- **Task brief**: Please restate the records below word for word, leaving out every picture.

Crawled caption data
* * *
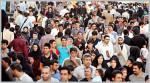 کاهش ۴ میلیونی جمعیت جوانان در یک دهه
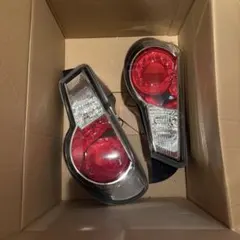 ZN6 純正テールランプ led 前期のサムネイル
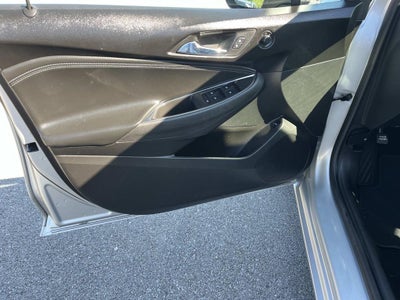 2017 Chevrolet Cruze Premier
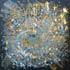 Venere Chillemi<br/>Ammasso Sferico nel Sagittario<br/>2012, acrilico su tela, cm 100x100
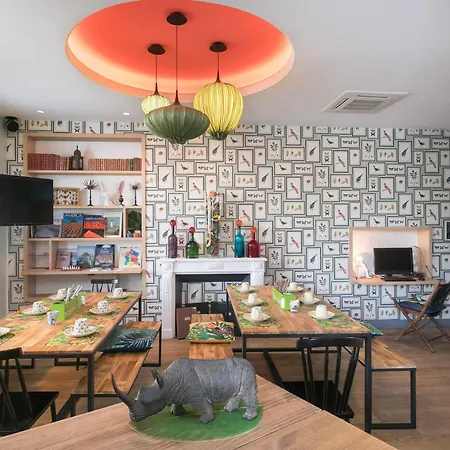 Hotel Bougainville By Happyculture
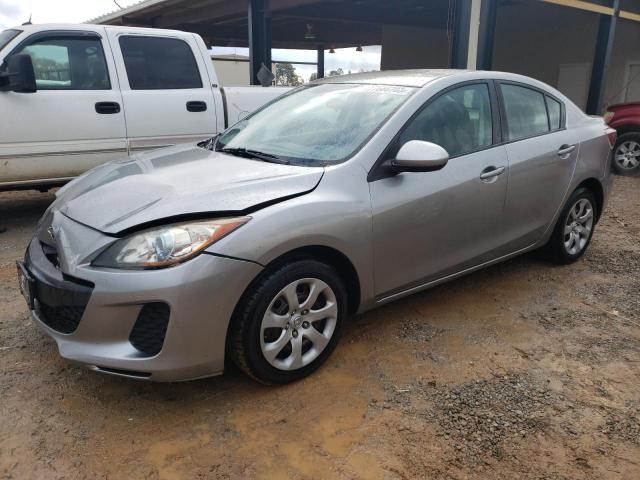 MAZDA 3 I 2013 with VIN JM1BL1U7XD1765780 - Photo from auction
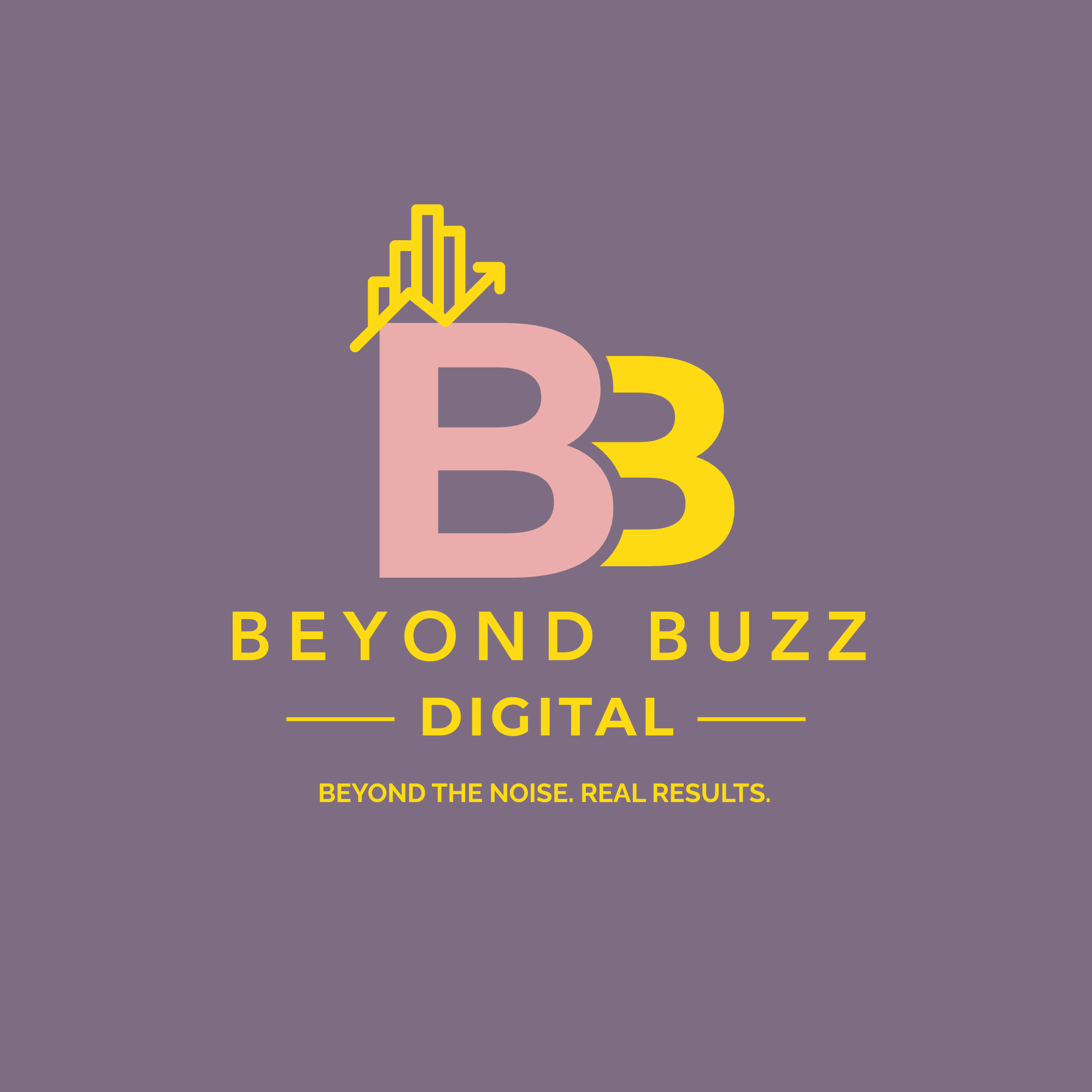 beyond buzz digital logo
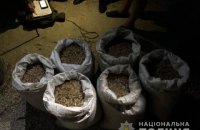 В Херсонской области задержали браконьера с креветками и крабами на сумму 345 тыс. гривен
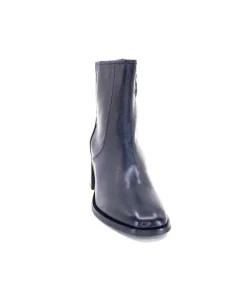 Regarde Le Ciel Sisko 01 Cuir Marine Fonce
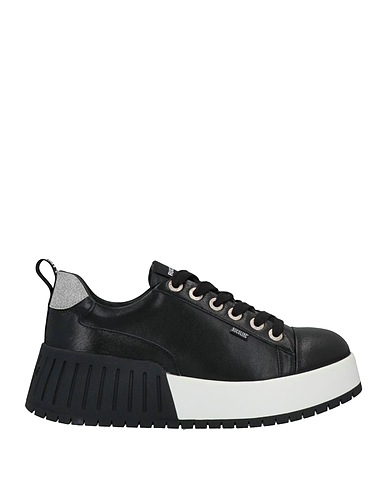 RUCOLINE Sneakers Black Soft Leather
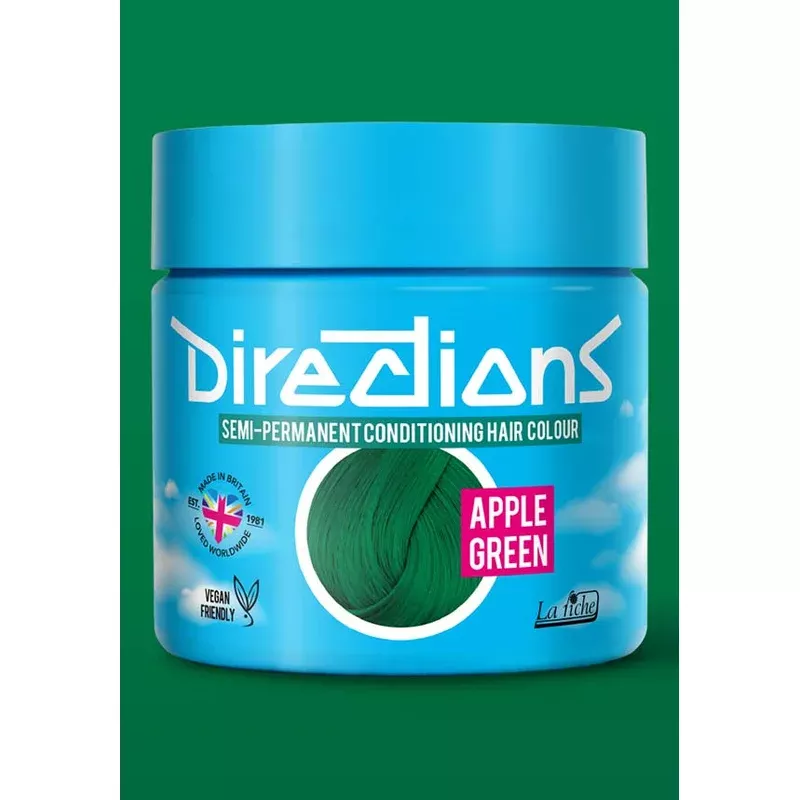 Apple Green | HAIR COLOUR [100ML]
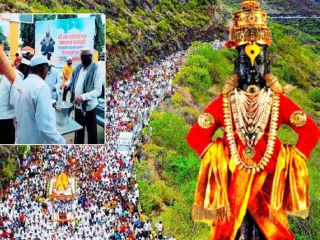 पंढरपूरच्या वारीमध्ये दांभिकांचा मुक्त संचार कशासाठी ?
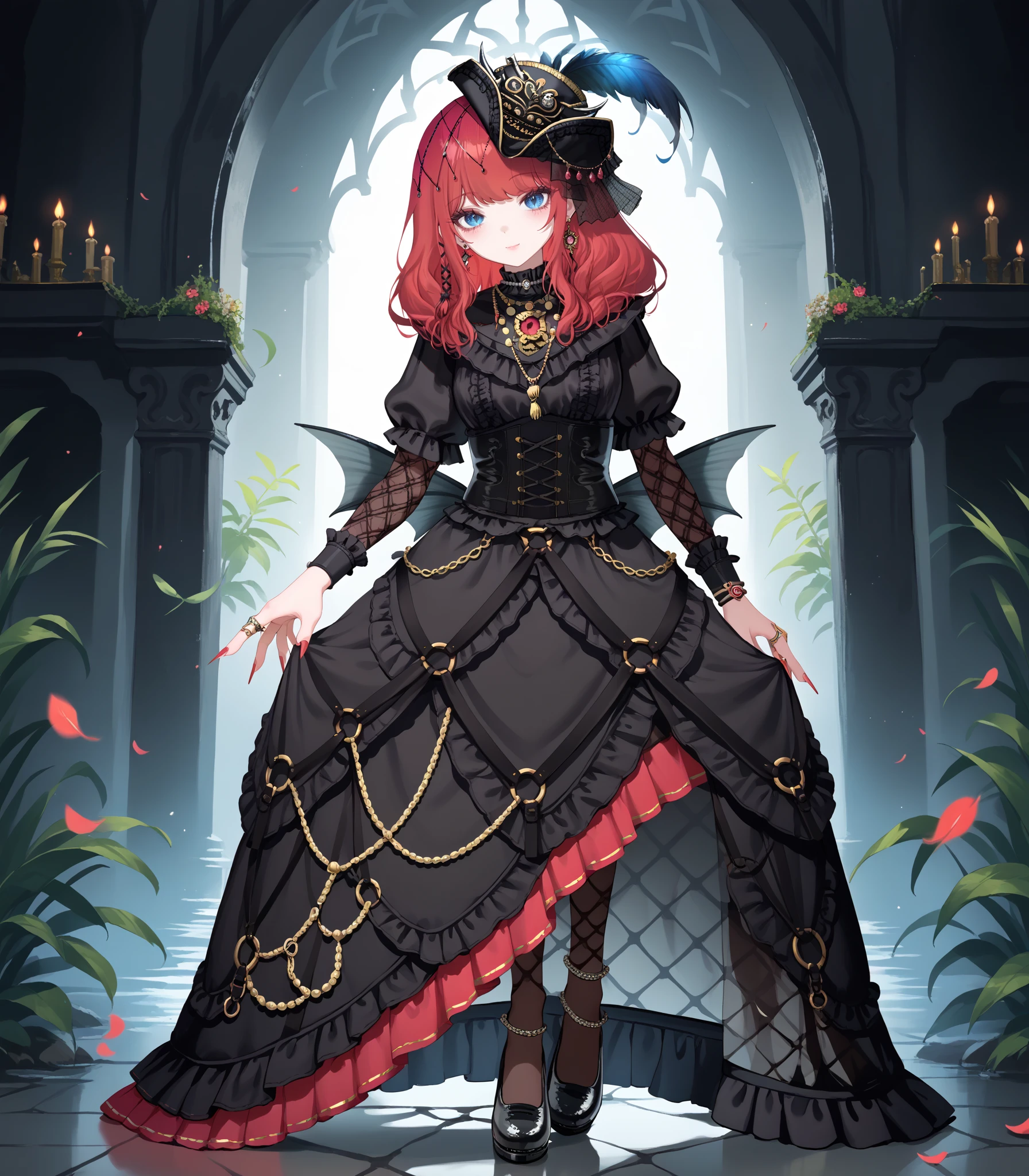 Akatsuki Hotaru - VShojo JP v1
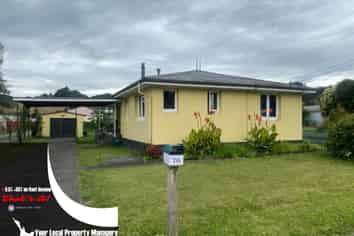 70 Makere Street, Taumarunui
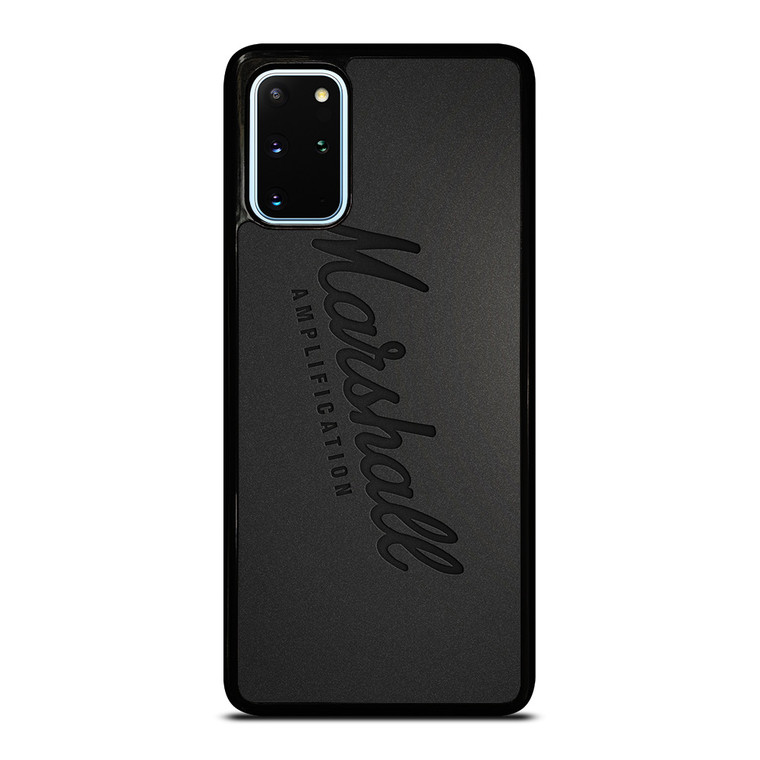 MARSHALL AMPLIFICATION LOGO Samsung Galaxy S20 Plus Case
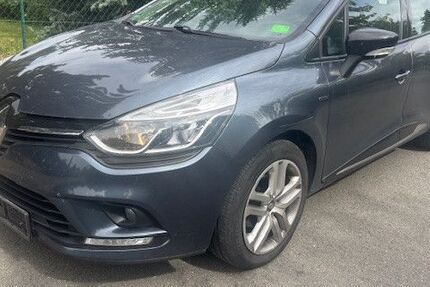 Renault Clio 124.000 km 6.250 &euro; Erfurt 99099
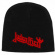 Judas Priest - Logo Beanie Hat Judas Priest - Logo Beanie Hat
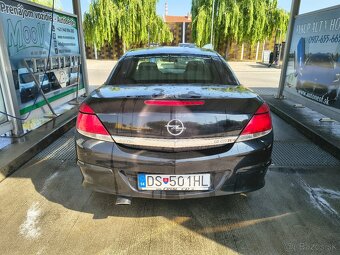 Astra H 1.9 CDTI Twin Top 2007 - 11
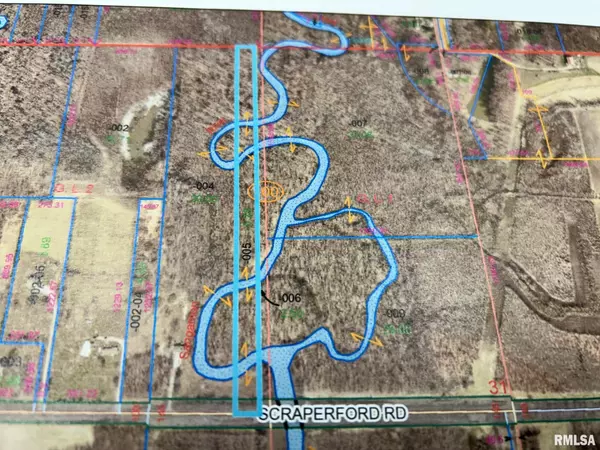 1250 E ROAD RD, Taylorville, IL 62568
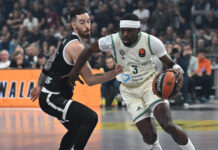Παρτιζάν – Παναθηναϊκός 55-72 Τελικό: Φοβερό διπλό στο Βελιγράδι για τους «πράσινους»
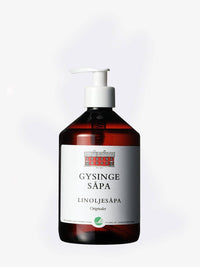 Linoljesåpa - Pump - 11hektar
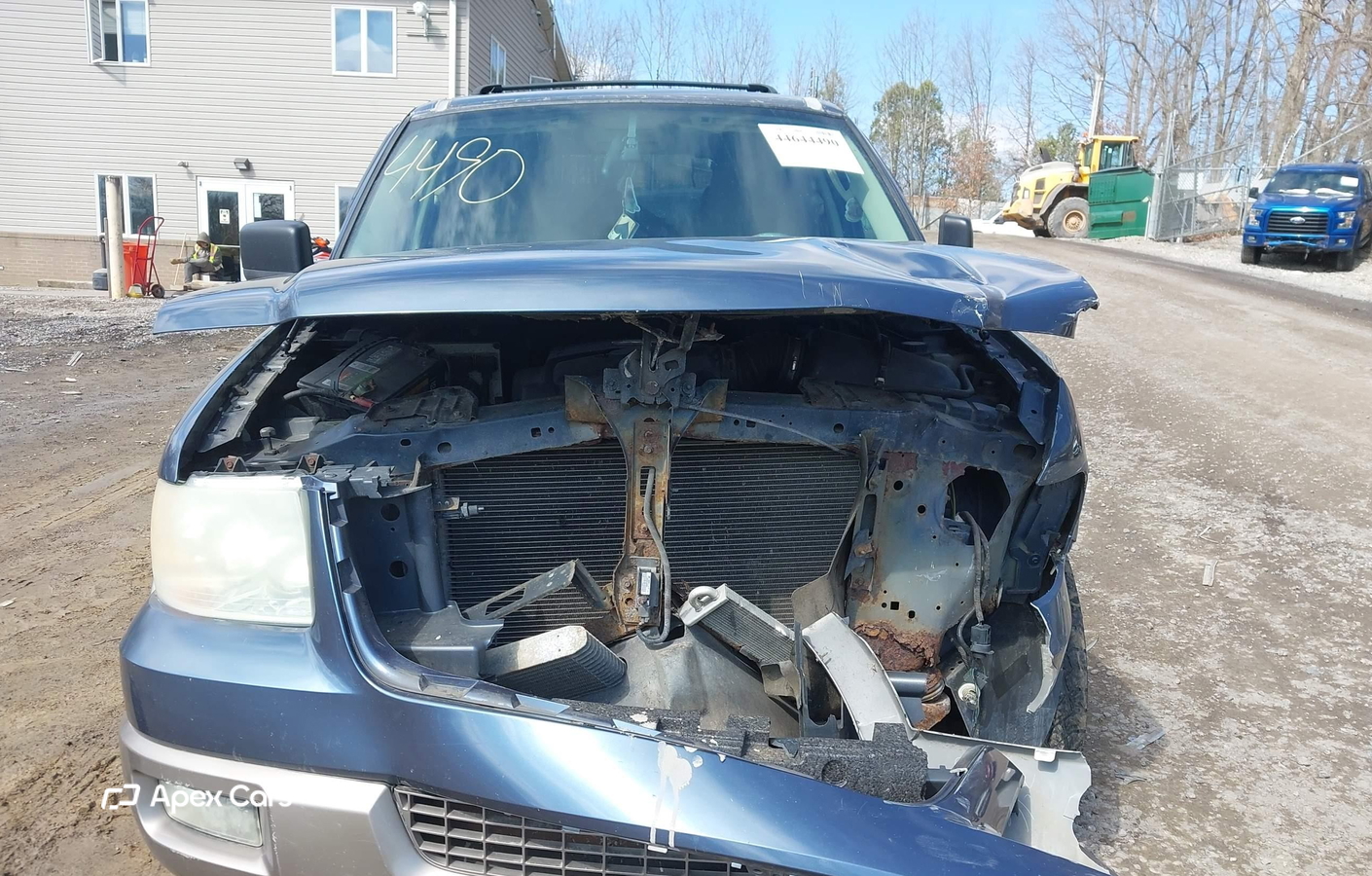 Ford Expedition 2004
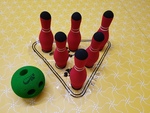 FOAM BOWLING SET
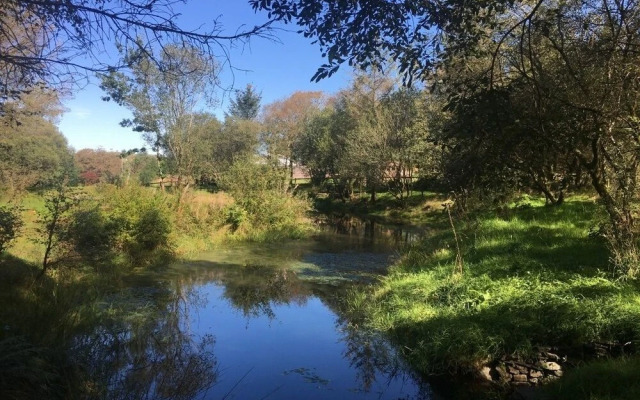 Brynllwyd Glamping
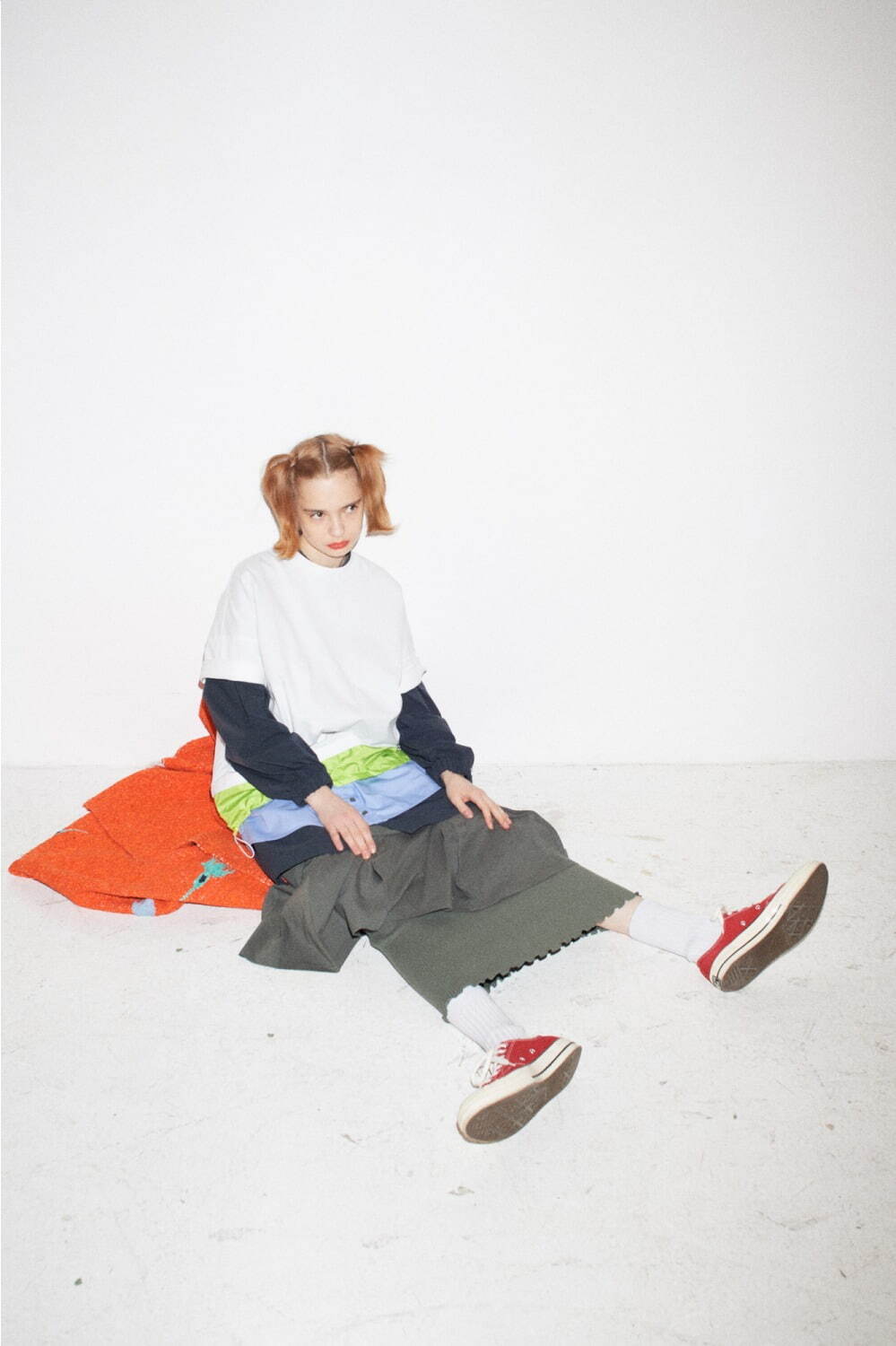 ナゴンスタンス 2022年プレフォール｜ スウェット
* * *
- **Exercise result**:
 کاهش ۴ میلیونی جمعیت جوانان در یک دهه
 ZN6 純正テールランプ led 前期のサムネイル
 2017 Chevrolet Cruze Premier
 Venere Chillemi<br/>Ammasso Sferico nel Sagittario<br/>2012, acrilico su tela, cm 100x100
 Hotel Bougainville By Happyculture
 MAZDA 3 I 2013 with VIN JM1BL1U7XD1765780 - Photo from auction
 beyond buzz digital logo
 В Херсонской области задержали браконьера с креветками и крабами на сумму 345 тыс. гривен
 Regarde Le Ciel Sisko 01 Cuir Marine Fonce
 RUCOLINE Sneakers Black Soft Leather
 Apple Green | HAIR COLOUR [100ML]
 पंढरपूरच्या वारीमध्ये दांभिकांचा मुक्त संचार कशासाठी ?
 Akatsuki Hotaru - VShojo JP v1
 70 Makere Street, Taumarunui
 MARSHALL AMPLIFICATION LOGO Samsung Galaxy S20 Plus Case
 Renault Clio 124.000 km 6.250 &euro; Erfurt 99099
 Judas Priest - Logo Beanie Hat Judas Priest - Logo Beanie Hat
 Astra H 1.9 CDTI Twin Top 2007 - 11
 1250 E ROAD RD, Taylorville, IL 62568
Παρτιζάν – Παναθηναϊκός 55-72 Τελικό: Φοβερό διπλό στο Βελιγράδι για τους «πράσινους»
 Linoljesåpa - Pump - 11hektar
 Ford Expedition 2004
 FOAM BOWLING SET
 Brynllwyd Glamping
 ナゴンスタンス 2022年プレフォール｜ スウェット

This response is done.